Coconut Pineapple Cream Cake
2 cups granulated sugar
1 cup unsalted butter, softened -divided
1/2 cup vegetable oil
5 large eggs, separated
2 cups bleached all-purpose flour
1 teaspoon baking soda
1/2 cup ground pecans
1 tablespoon lemon juice
1 can (20 ounces) crushed pineapple with juice
2 cups sweetened flaked coconut -divided Frosting
1 (8-ounce) package cream cheese, softened
About 6 cups powdered sugar, sifted
1/2 teaspoon vanilla extract
1/2 teaspoon almond extract
2 tablespoons milk
1 cup pecans, finely chopped
Preheat the oven to 350°F (175°C).
Lightly grease and flour three 8-inch round cake pans.
In a large mixing bowl using an electric mixer, cream the sugar with 1/2 cup of the butter. With the mixer running, add the oil in a steady stream. Add the egg yolks, one at a time, beating well after each addition. Stir in the lemon juice and the crushed pineapple with juice.
Sift the flour and baking soda together into a medium-size mixing bowl. Add the ground pecans and mix.
Slowly add the flour mixture to the sugar mixture mixing well. Fold in 1 cup of the coconut.
In another large mixing bowl, beat the egg whites until stiff peaks form. Gently fold whites into the cake batter. Pour the batter evenly into the prepared cake pans. Bake for 30 to 45 minutes or until a toothpick inserted in the center comes back clean. Remove from the oven and cool for 10 minutes on wire racks. Remove cakes from pans and cool completely.
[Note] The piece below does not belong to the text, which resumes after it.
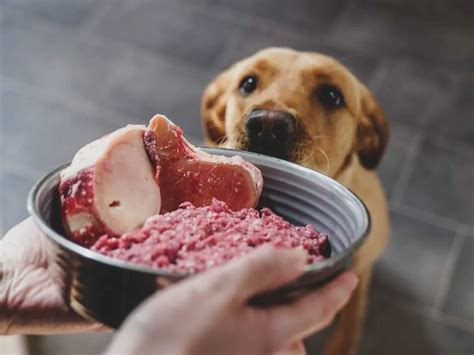 Natures Goodness 7 Essential Ingredients For Raw Dog Food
In a large bowl, cream remaining butter with the cream cheese. Add the powdered sugar and mix well. Add the extracts, milk, and mix to a spreading consistency. Add a few more drops of milk if needed. Fold in the pecans. Spread a thin layer of frosting on the tops of two layers, (rounded side down). Stack layers on serving plate and top with last layer, (rounded side up). Ice the top and sides with remaining frosting. Sprinkle remaining coconut on top of the cake.
Note: Vanilla and orange extracts are good in the frosting as well.